Qu’est-ce que vous recommandez pour qu’un jeune producteur ou un cinéaste se lance dans ce créneau de court métrage ?
Je conseillerai de ne pas lâcher quand on a envie de faire des films, il faut s’accrocher. C’est vraiment de la persévérance et de l’obstination. Il y a beaucoup de contraintes et il faut aller droit au but. Sauter par-dessus, contourner. Enfin, j’ai écrit tout un livre sur des cinéastes qui ont fait ça, qui sont rentrés par la fenêtre, par la cheminée, par le garage, dans une industrie qui ne voulait pas forcément d’eux ou en tous cas qui ne les calculait pas. Et certains, aujourd’hui, pèsent même économiquement et ont des financements suffisants pour faire les films qu’ils ont envie de faire, ce qui n’est pas le cas de tous les cinéastes.
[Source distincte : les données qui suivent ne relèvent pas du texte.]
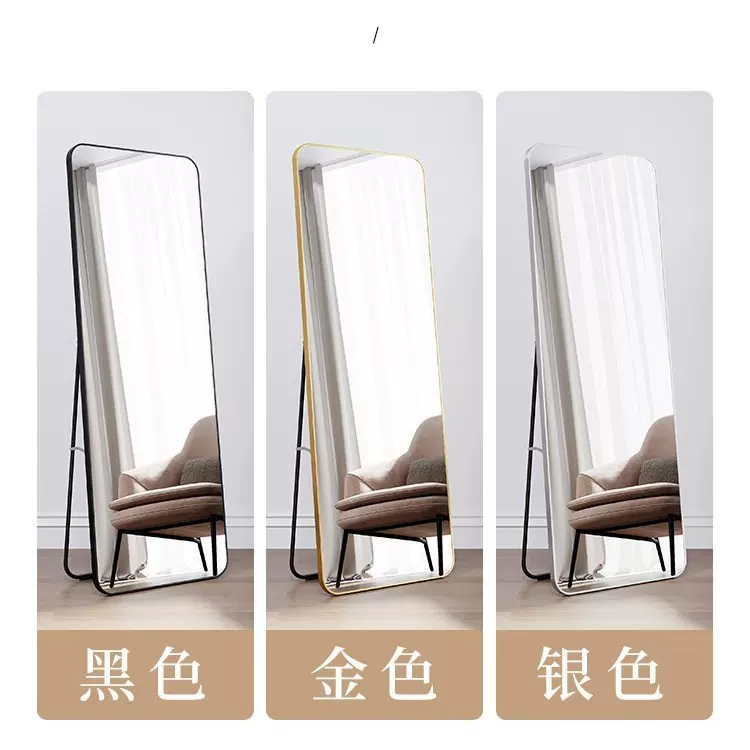 源头工厂直销定制款穿衣镜承接跨境外贸联系客服定制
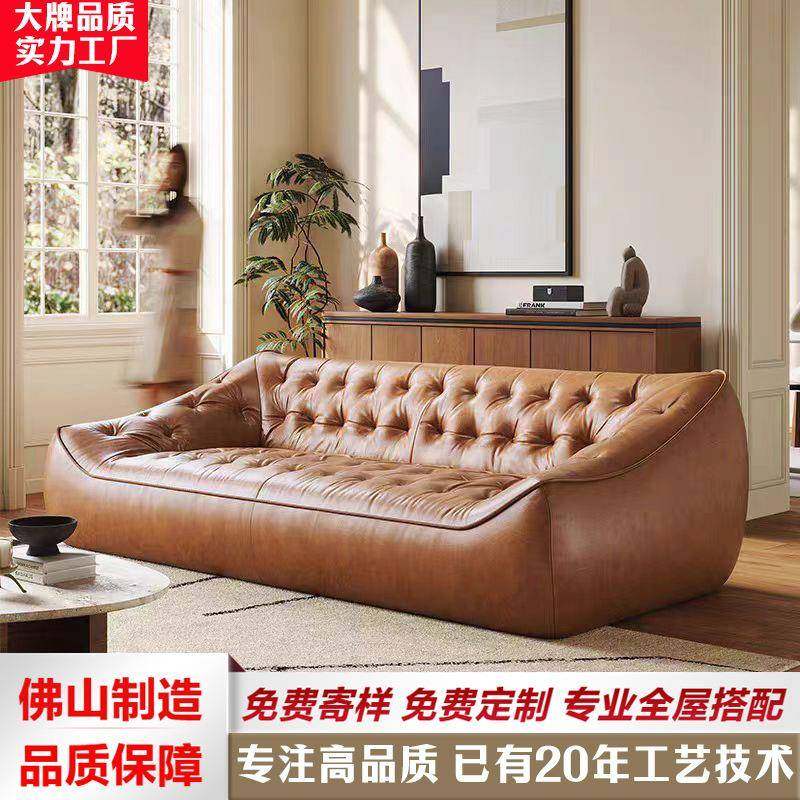 法式中古风豆袋真皮沙发客厅轻奢复古直排小户型油蜡皮焦糖色沙发,乐器/吉他/钢琴/配件,其它乐器配件,淘宝优惠券,粉丝福利购,淘宝优惠卷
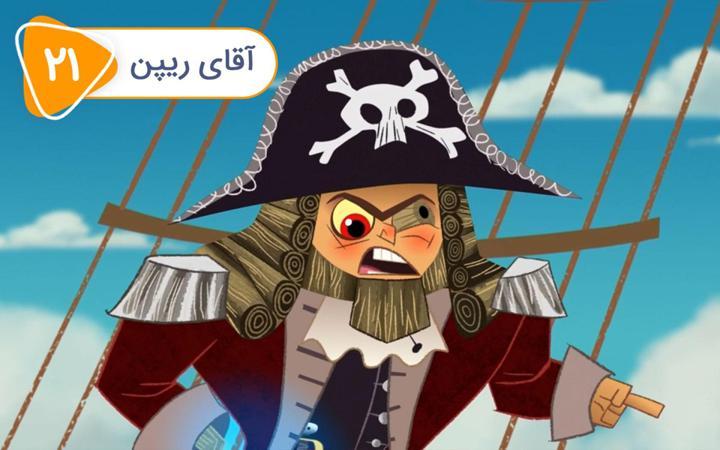 پن زیرو: قهرمان پاره وقت -  فصل دوم- قسمت 21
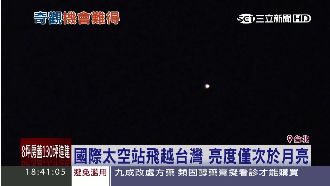 國際太空站飛越台灣　亮度僅次於月亮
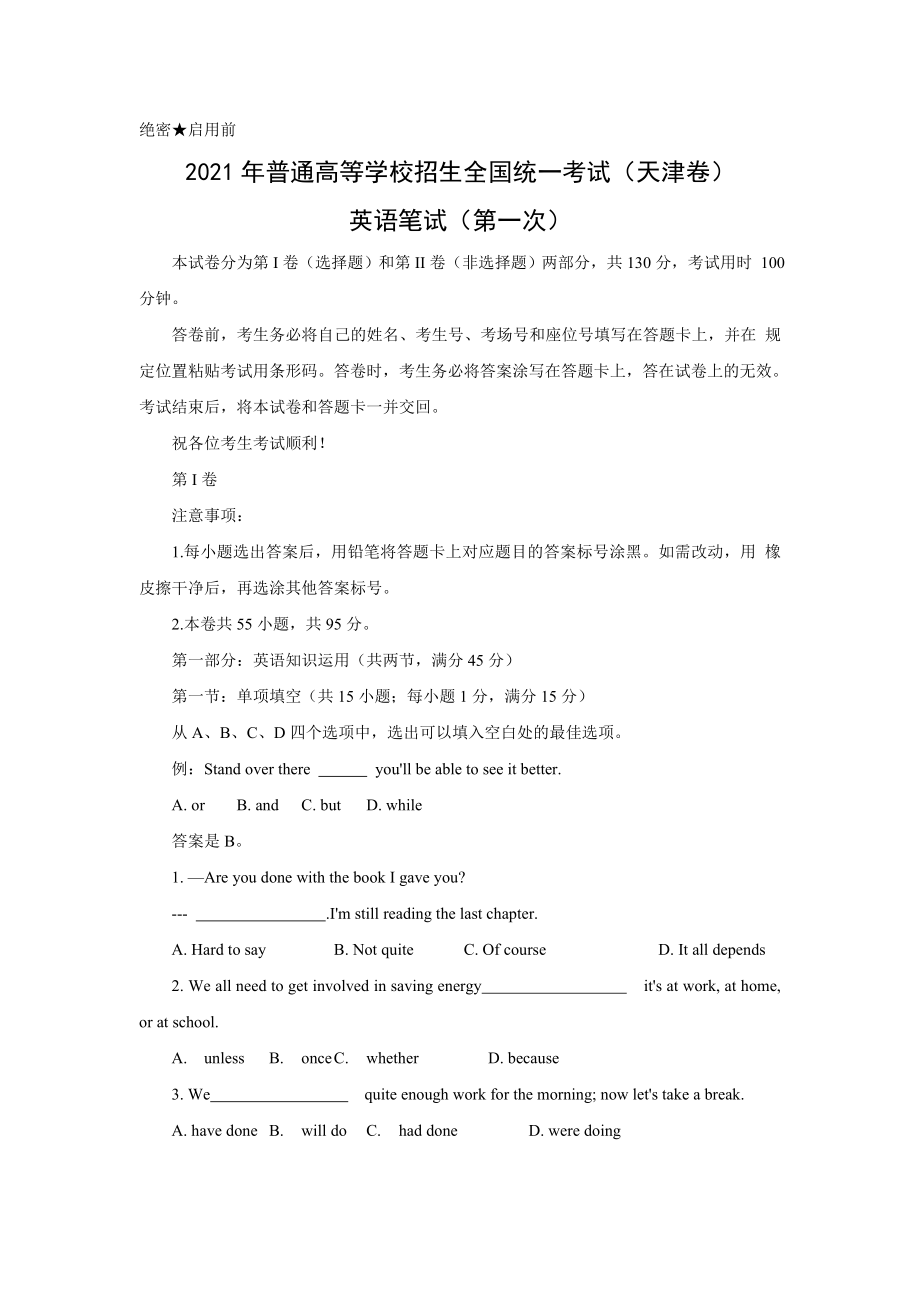 2021年天津市高考英语试卷（答案版）.docx_第1页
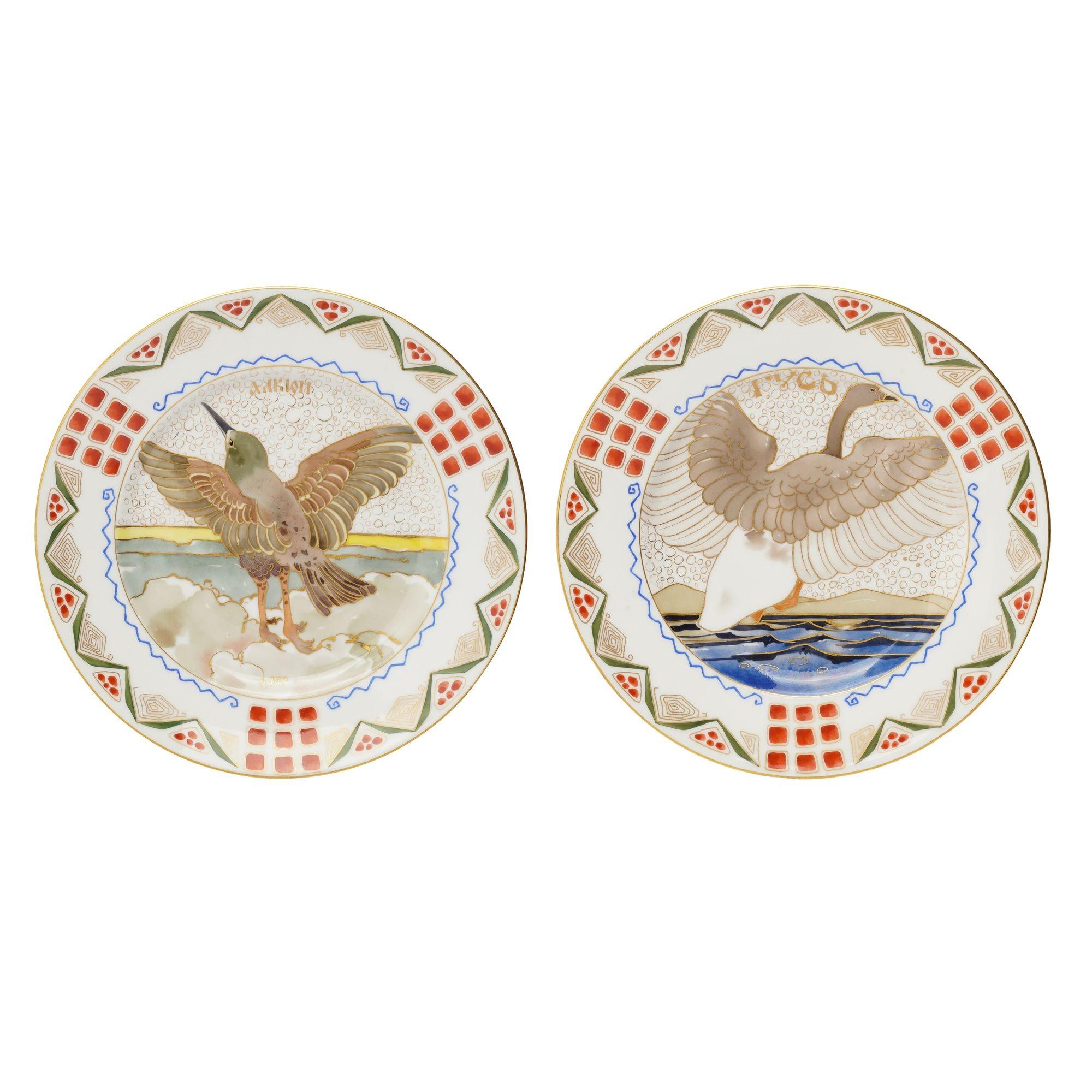 Pair of Russian ornithological plates by Kornilov Porcelain Factory, 1905 For Sale 1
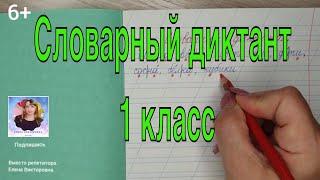 14. Словарный диктант для 1-2 класса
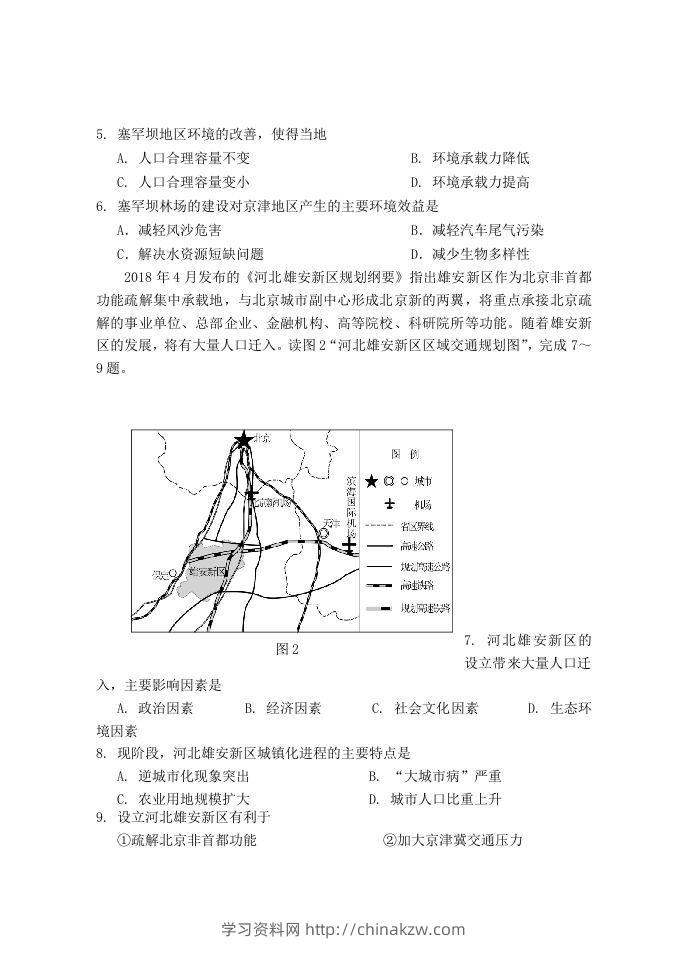 图片[2]-2020-2021年北京市延庆区高一地理下学期期中试卷及答案(Word版)-学习资料站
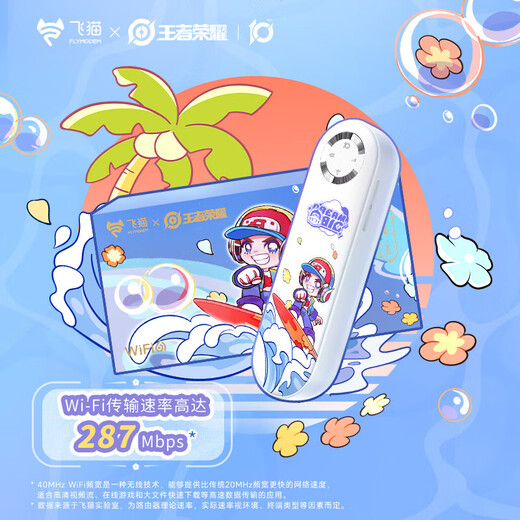 Flying Cat M1 Enrutador inalámbrico móvil WiFi portátil WiFi6 Tres redes a nivel nacional Tráfico universal ilimitado de alta velocidad Tarjeta de Internet portátil para punto de acceso para automóvil Modelo 2025 M2 / M8 Flying Cat M1 | Modelo King + Batería 2500 mAh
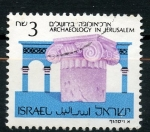 Sellos de Asia - Israel -  varios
C’est, on va dire, le rêve absolu pour chacun. Cela dit, il est essentiel de s’accrocher et de s’entourer des bonnes personnes. Ce n’est pas parce qu’une personne est un ami qu’elle est nécessairement la plus appropriée pour votre film. Choisissez soigneusement votre équipe et assurez-vous de maximiser la diffusion de vos créations, afin qu’elles ne restent pas dans votre coin et que les gens entendent parler de vous et de votre film. Il existe mille et une façons de se faire une place dans l’industrie du cinéma. Le court métrage n’est pas un sous-genre.